Interface with scikit-learn

This tutorial demonstrates how hiPhive can be easily interfaced with other Python libraries. Here, we specifically consider scitkit-learn but it is equally straightforward to interface with e.g., SciPy or TensorFlow.

Regression

hiPhive provides simplified interfaces to several linear models in scikit-learn. Yet there are many more features of scikit-learn that can be of interest to advanced users. This tutorial demonstrates how to use hiPhive in such situations. The following snippet illustrates for example how to use the HuberRegressor linear model (which is not included among the standard fitting methods) to find optimal parameters.

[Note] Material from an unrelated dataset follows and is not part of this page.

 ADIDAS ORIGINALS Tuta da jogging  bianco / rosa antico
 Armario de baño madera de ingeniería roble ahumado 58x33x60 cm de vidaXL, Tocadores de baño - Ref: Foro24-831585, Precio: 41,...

from sklearn.linear_model import HuberRegressor
A, y = sc.get_fit_data()
hr = HuberRegressor()
hr.fit(A, y)
fcp = ForceConstantPotential(cs, hr.coef_)

t-SNE

While regression is probably the most common task, other machine learning techniques can also be of interest. This section illustrates the utility of the t-distributed Stochastic Neighbor Embedding (t-SNE) algorithm for visualizing datasets (also see here). Specifically, the example considers the three most common crystalline phases of titanium (HCP, BCC, omega).

../_images/Ti_tsne_analysis.svg

t-SNE analysis of a Ti dataset consisting of BCC, HCP and omega structures as well as configurations from a high temperature molecular dynamics simulation.

Source code

Structure preparation
tutorial/advanced/interface_with_sklearn/prepare_structures.py
from ase.build import bulk
from ase.io import read
from hiphive import ClusterSpace, StructureContainer
from tools import get_bcc_structures, get_hcp_structures, get_omega_structures


# parameters
a0 = 3.32389853
cutoffs = [6.0, 4.0, 4.0]
n_structures = 1


# expansion around the BCC structure
prim = bulk('Ti', 'bcc', a=a0)
cs = ClusterSpace(prim, [6.0, 4.0, 4.0])


# generate rattled structuress
bcc_rattled = get_bcc_structures(n_structures, a=a0, rattle=0.1)
hcp_rattled = get_hcp_structures(n_structures, a=a0, rattle=0.02)
omega_rattled = get_omega_structures(n_structures, a=a0, rattle=0.02)
md_structures = read('Ti_md_structures_T1400.extxyz@:')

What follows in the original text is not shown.